Protease inhibitor therapy doesn't reduce the risk of malaria for HIV-positive pregnant women

Michael Carter
Published: 17 July 2014

Antiretroviral therapy (ART) based on the protease inhibitor lopinavir/ritonavir (Kaletra) does not reduce the risk of malaria among pregnant women living with HIV, research published in the online edition of the Journal of Infectious Diseases shows.

Previous research had suggested that the protease inhibitor might have a potent anti-malaria activity. However, the present study showed that malaria risk and malaria-associated adverse birth outcomes were similar for women treated with the protease inhibitor and those taking the non-nucleoside reverse transcriptase inhibitor (NNRTI) efavirenz (Sustiva or Stocrin).

“In this study, pregnant women were randomised to lopinavir/ritonavir vs efavirenz-based ART to test the hypothesis that a protease inhibitor based ART regimen would be associated with a lower risk of malaria,” explain the authors. “We found there was no difference between the two ART regimens in the risk of placental malaria, the incidence of malaria, the prevalence of asymptomatic parasitemia, and the risk of adverse birth outcomes.”

Malaria during pregnancy is associated with adverse birth outcomes such as spontaneous abortion, premature delivery and low birth weight. The risk of malaria and adverse outcomes is especially severe for pregnant women living with HIV.

Strategies for the prevention of malaria in pregnant women include the use of insecticide-treated bednets and, for women living with HIV, daily prophylaxis with trimethoprim-sulfamethoxazole (TNP-SMX). However, other prevention strategies are urgently required.

Combination antiretroviral therapy is recommended for all pregnant women living with HIV, and there is some evidence this treatment can reduce the risk of malaria. Laboratory studies have shown that protease inhibitors are effective against the malaria parasite. Moreover, a study involving Ugandan school children showed that treatment with an ART regimen based on lopinavir/ritonavir was associated with a 41% reduction in malaria risk compared to therapy based on an NNRTI.

Given these findings, a team of investigators wanted to see if HIV therapy based on lopinavir/ritonavir reduced the risk of malaria during pregnancy compared to NNRTI-based treatment, the current standard of care. They therefore designed a randomised study involving treatment-naive women living with HIV who initiated antiretroviral therapy between weeks 12 and 28 of pregnancy. The women were randomised to take therapy based on lopinavir/ritonavir or efavirenz. The investigators compared the risk of placental malaria up to one year after delivery between the two regimens. Other outcomes included placental malaria diagnosed using histology, adverse birth outcomes, incidence of malaria and the prevalence of asymptomatic malaria parasites.
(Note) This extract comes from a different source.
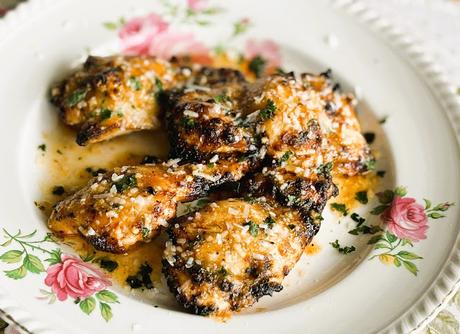 Easy Lemon Garlic Parmesan Chicken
The study was conducted in the Ugandan region of Tororo where malaria is endemic. A total of 389 women were recruited between 2009 and 2013 and 377 initiated therapy.

Eight weeks after starting HIV therapy, approximately 88% of women had an undetectable viral load. Adherence to HIV therapy was high (97-99%) as was adherence to malaria prophylaxis (98-99%).
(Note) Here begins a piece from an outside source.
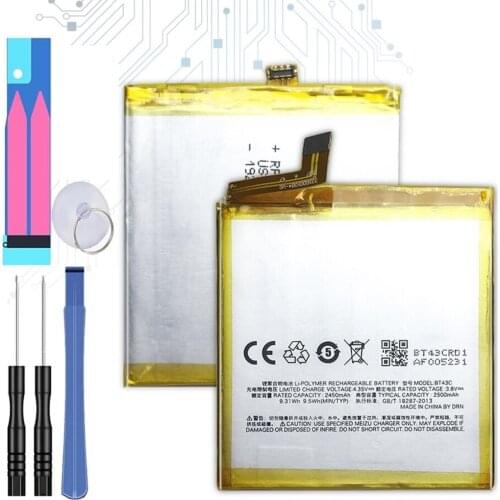 Battery for Meizu Meilan 2, M2 Mini, Mpn Original: Bt43C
Regardless of the testing method used, the prevalence of placental malaria did not differ between lopinavir/ritonavir and efavirenz-based therapy. Placental blood smear identified a prevalence of 4% among women taking efavirenz and 3% among women taking the protease inhibitor. Prevalence was also similar using PCR testing (efavirenz 10% vs lopinavir/ritonavir 7%) and histopathology (efavirenz 29% vs lopinavir/ritonavir 38%).
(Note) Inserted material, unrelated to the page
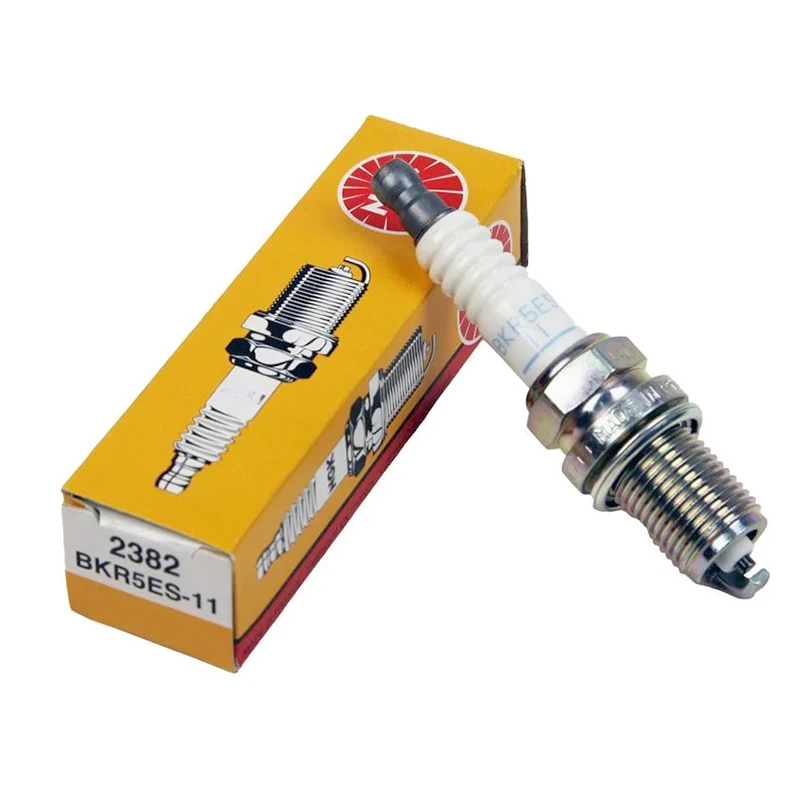 

2382 BKR5ES11 Spark Plug for Hyundai Accent Elantra Tucson Kia Rio Rondo Sorento Mitsubishi Lancer Galant Mazda Toyota Jaguar XK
Rates of adverse birth outcomes were also comparable between the two regimens (efavirenz 28% vs lopinavir/ritonavir 34%).

Lopinavir/ritonavir did not reduce the risk of malaria during or after pregnancy, or the prevalence of asymptomatic malaria parasites.

“New WHO [World Health Organization] guidelines recommending efavirenz-based combination ART for all HIV-infected and breastfeeding women offer the potential of immense benefits in preservation of women’s health and reducing transmission,” comment the investigators. “The main conclusion of this study is that lopinavir/ritonavir did not have sufficient direct antimalarial activity to translate into a clinically meaningful benefit that would support utilizing it in place of efavirenz in highly malaria endemic regions.”

Reference

Natureega P et al. Lopinavir/ritonavir versus efavirenz-based antiretroviral treatment for the prevention of malaria among HIV-infected pregnant women. J Infect Dis, online edition, 2014.